What to produce — The lines from the beginning of the records below through the one holding "Steel bar 3" are to be copied exactly; leave the pictures out.

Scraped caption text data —
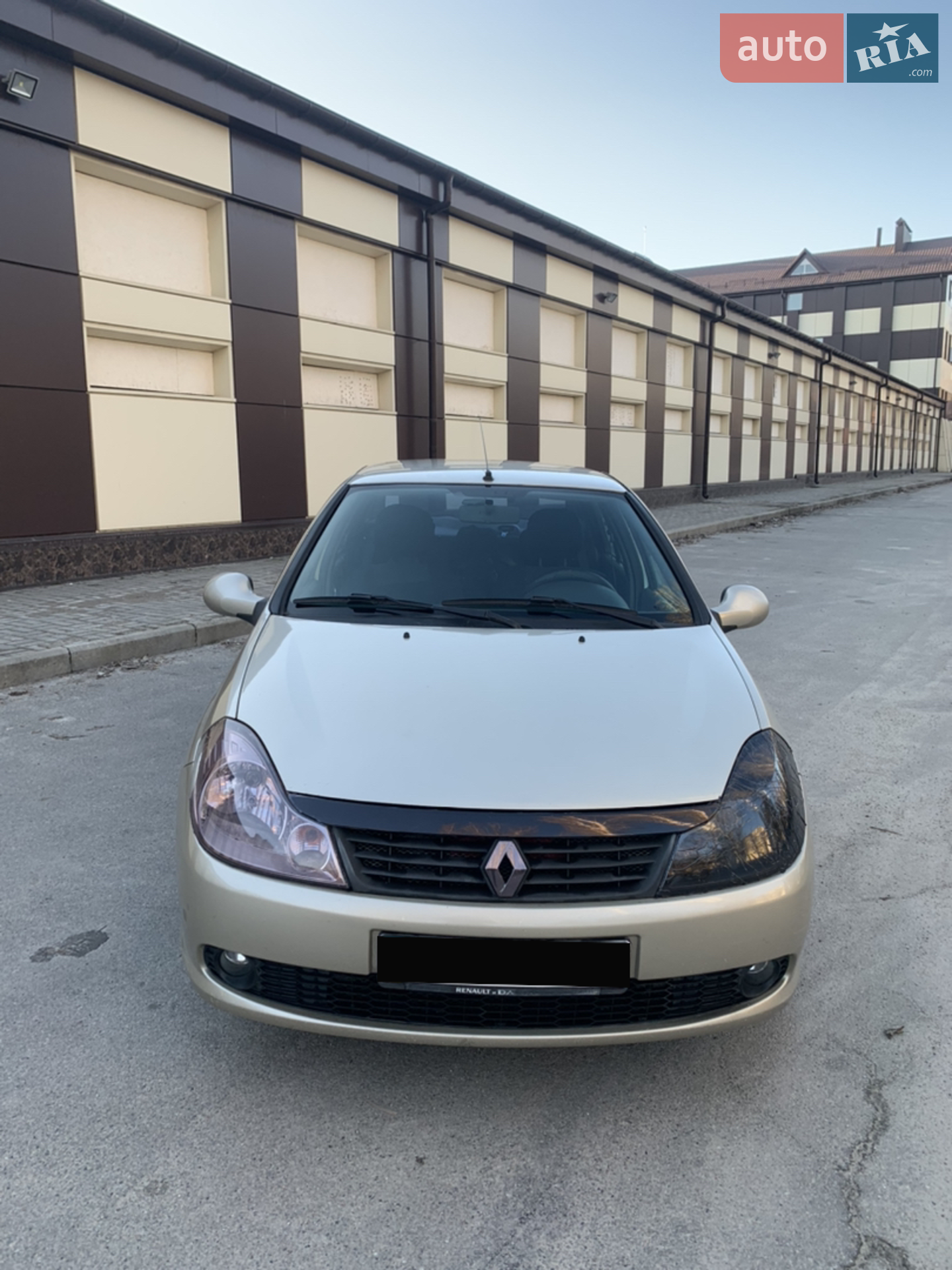 2010 Renault Symbol - мініатюра 26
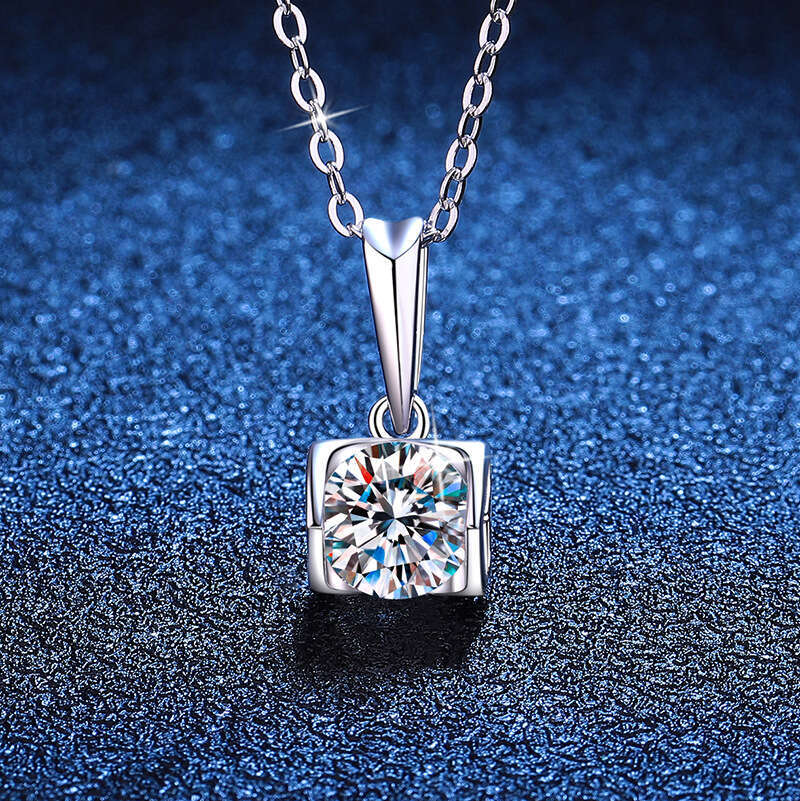 Pendant for Women, 1 caratS925 D Color MoiS925S925anite Angel KiS925S925, S925terling S925ier Necklace, Valentine'S925 Day b80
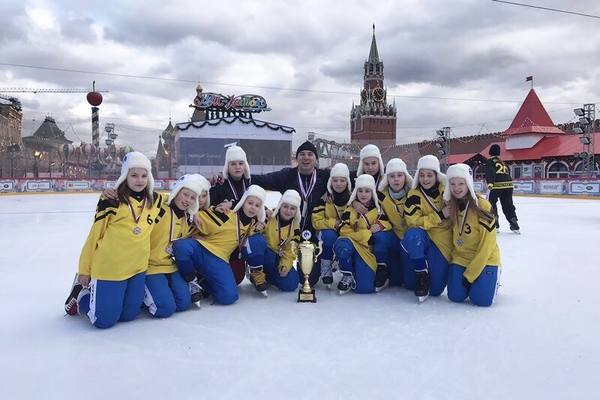 Юные хоккеисты Заполярья везут из Москвы «серебро»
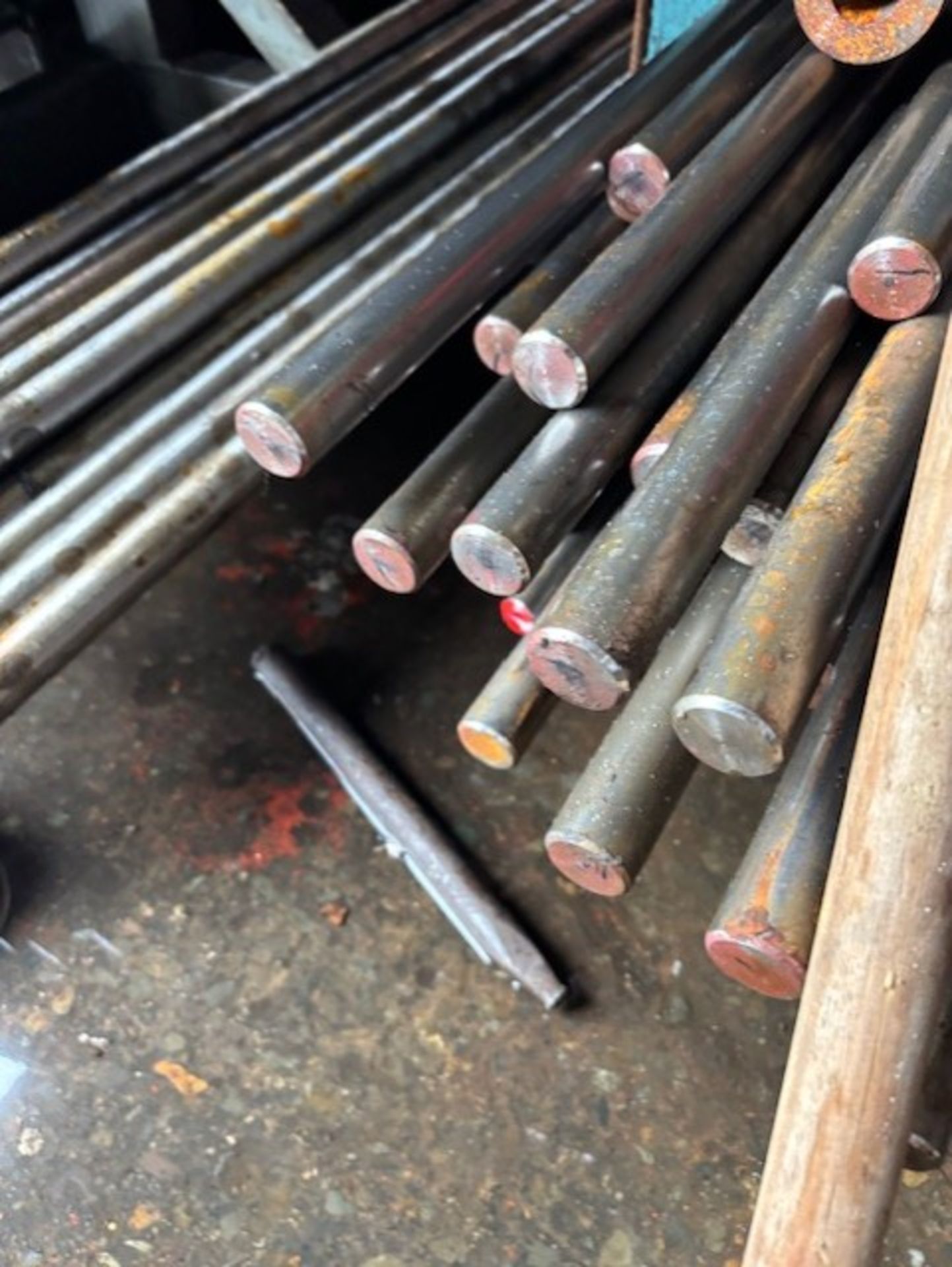 Steel bar 3 metre lengths 26 mm thick your bidding for 10 number that’s 30 metres worth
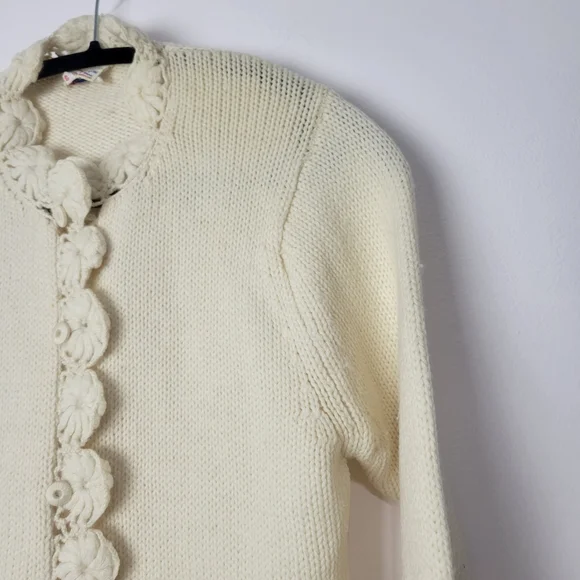 ROSANNA WHITE STANG VINTAGE 100% VIRGIN WOOL BUTTON DOWN SWEATER - Picture 5 of 8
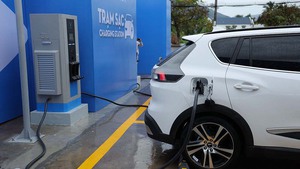 Ô tô điện được áp dụng lệ phí trước bạ lần đầu 0% đến hết năm 2030
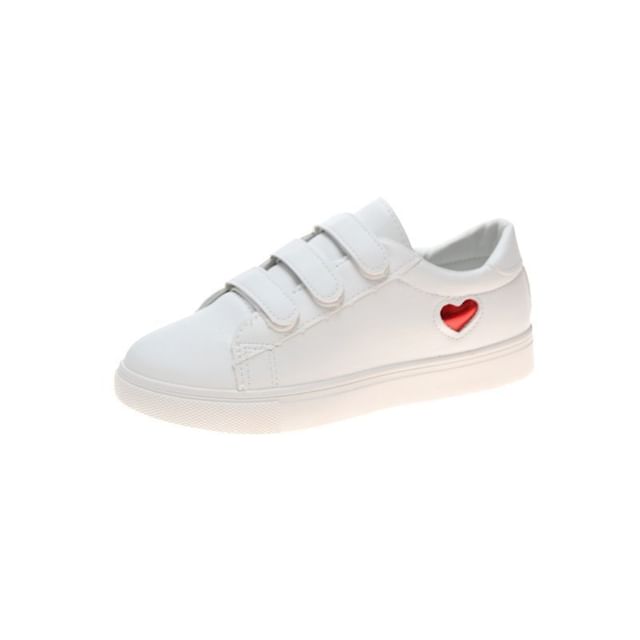 Casual Sneakers With Heart-Shaped Decor SpreePicky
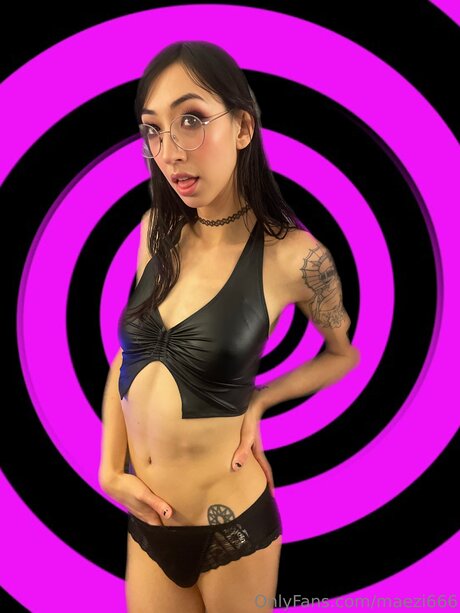 Maezi666 star pornographic pics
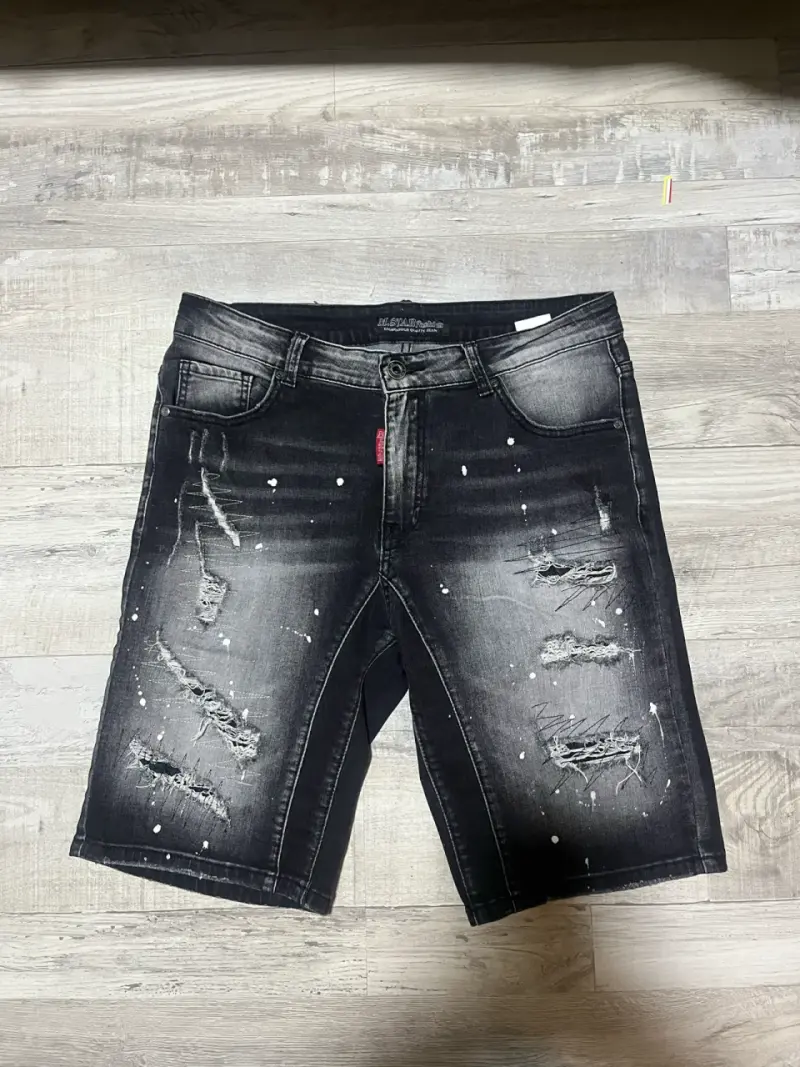 Shorts de mezclilla desgastados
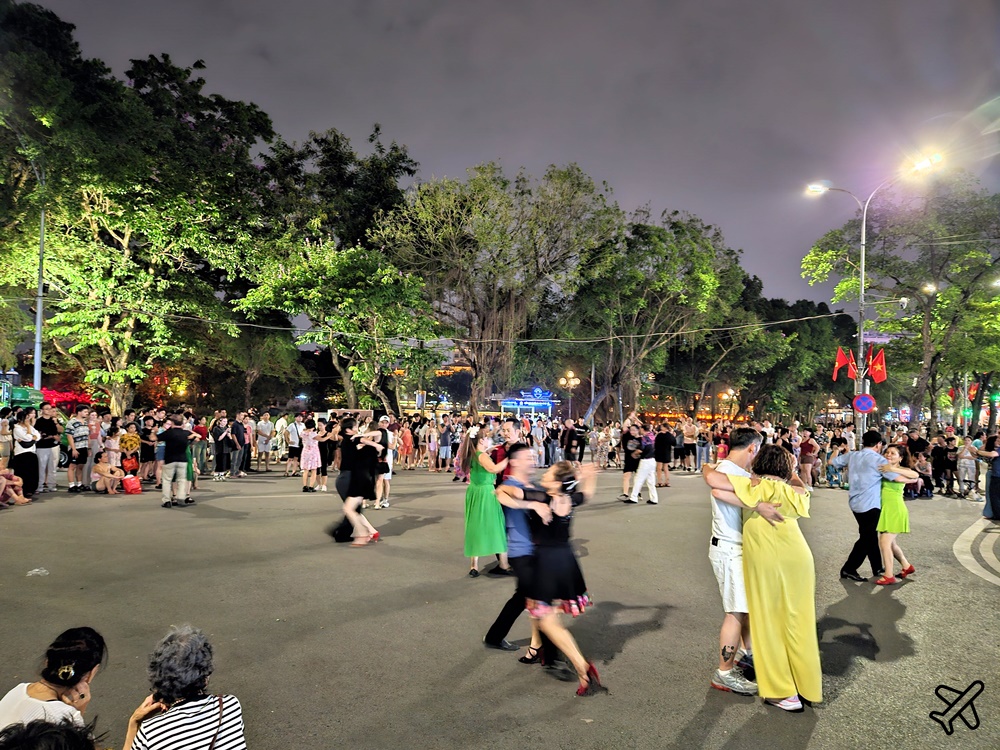 越南旅遊 河內景點 河內周末夜市 還劍湖封街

Solved problem —
 2010 Renault Symbol - мініатюра 26
 Pendant for Women, 1 caratS925 D Color MoiS925S925anite Angel KiS925S925, S925terling S925ier Necklace, Valentine'S925 Day b80
 Юные хоккеисты Заполярья везут из Москвы «серебро»
 Steel bar 3 metre lengths 26 mm thick your bidding for 10 number that’s 30 metres worth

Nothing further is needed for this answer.